When I stepped outside, I was surprised to find the air very pleasant. I grabbed my flip flops and took a walk down the hillside into the desert, picking my way carefully among the rocks and the thorns and the spikes. I'd never seen a live saguaro until the day before, and I wanted to get up close and personal.
When I returned to the kitchen, Dawn and Virginia had made coffee. We ate breakfast on the back porch with the pups and watched the sun creep over the house and down the hill. When I started to feel myself sweating again, I put my things on the bike and rolled out.
The heat was immediate this time. I don't mind hot weather riding - I was comfortable crossing Kansas when it was 95, and I've become accustomed to daily commutes around Houston. But the desert was a new animal. Mile after mile after endless mile of dust and rocks, scorching sun and blistering asphalt chipped away at my resolve. Every stop ended with me soaking my face cloth in a sink and then dumping a bottle of water down my jacket. In twenty miles it was all dry again.

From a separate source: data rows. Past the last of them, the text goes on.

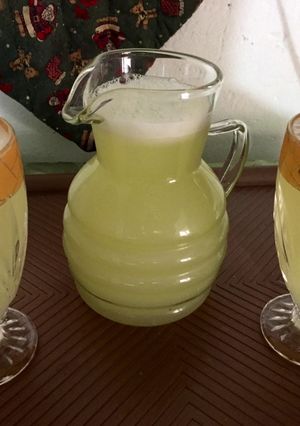 Una foto de Limonada con Cáscara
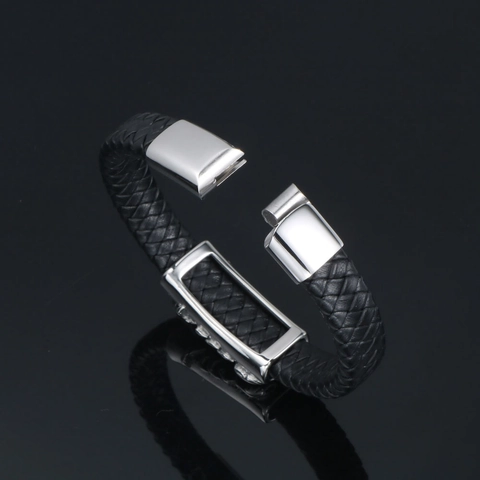 Bracciale da Uomo Retro in Acciaio al Titanio con Scorpione in Pelle Intrecciata Gothic Punk Gioielli Animali per Festa Quotidiana Regalo Nero Argento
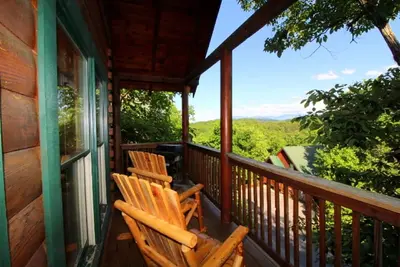 Image de ♡♡ Vue Mtn avec accès facile, bain à remous, WiFi, Smart Tv et 10 minutes des attractions ♡♡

I did have one bright moment. Somewhere in New Mexico I'd come across a biker stopped on the shoulder, hiding in what little shade he could find, and I'd stopped to see if he needed help. Walt had run out of gas but help was on the way, so we chatted for a few minutes and said maybe we'd see each other again on our mutual way toward LA. Making my way along in the desert the next day, I saw a blue BMW merging onto the highway ahead of me and realized it was Walt. We waved to each other and then were separated by traffic, but it left me with a smile.
At Chiriaco Summit, I stopped to cool off. I didn't need gas, but my head was starting to swim. The scenery never changed and the heat was unbearable. I couldn't pour enough water on myself to control my body temperature. My helmet had ceased to be a hiding space and instead become an oven in which to roast my brain.

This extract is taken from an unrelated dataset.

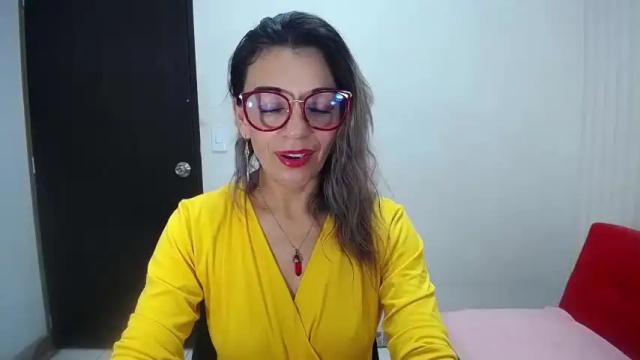 Image 6 of saradaniiela Stream on Chaturbate on 16 months ago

At the counter in the cafe I ordered a lemonade, then tried to decide whether it was smarter to eat or not to eat. The decision was overwhelming. I stared at the menu for way too long and tried not to cry.
How much longer would I be out here? I couldn't look; there was no cell service and the WiFi didn't work. I didn't know how many miles I had gone already. I thought about my plan to find a camping place that night and just couldn't do it. I decided it would be a hotel night, for the sake of my sanity. The desert was so damn big, and I'd failed to account for it properly in my planning.
I ordered a soup and salad, ate less than half, and went on my way again. The next sign said I was 140 miles from Los Angeles. I stopped again 30 miles later to get gas, hoping it would be my last desert stop.
It was. We pounded on for another 80 or so miles, and then the road started to climb small hills and stopped being completely straight. Then traffic came to a standstill.
I took a deep breath, holding on carefully to my patience, hoping whatever was wrong wouldn't last. It was much too hot to be sitting still on top of a hot engine.
That's when the first lane splitter sailed past me. I swear the rider stared at me in puzzlement as they went by, though of course I couldn't see through the helmet. That shit's legal here.
I jumped into the breakdown lane and rolled past all the cars. I do it occasionally in Houston, another place where it's too damn hot to sit still on a motorcycle, but it's with the knowledge that any cop who catches me will have something angry to say. In California, I was home free. The traffic jam disappeared in my side mirror in no time.
Over the crest of a hill, the temperature dropped abruptly, and I started to see signs of civilization. I wondered how hot it still was; it felt almost chilly. When I passed a thermometer sign that said 91°, I was surprised at how cold that felt.
I stopped for gas in an eastern suburb of LA and made myself a hotel reservation in the Ventura area. The last hour of the ride was pleasant - the road wound around the base of the hills, and the scenery was full of trees and flowers and blue sky. Eventually the highway-scape gave way to farmland, and I realized I was driving through strawberry fields. The air smelled heavenly.
I pulled into the portico at the Holiday Inn Express in Port Heuneme as the sun was brushing the horizon. I was actually cold, and I could smell my sweaty jacket even with my helmet still on. It was past time for a shower. I'd gotten a good deal on a room from Priceline, my favorite booking site, and was stunned when I walked in - I had a whole suite to myself. I enjoyed a shower in the beautiful bathroom and then walked across the street to a Thai restaurant, where I had a wonderful if lonely dinner.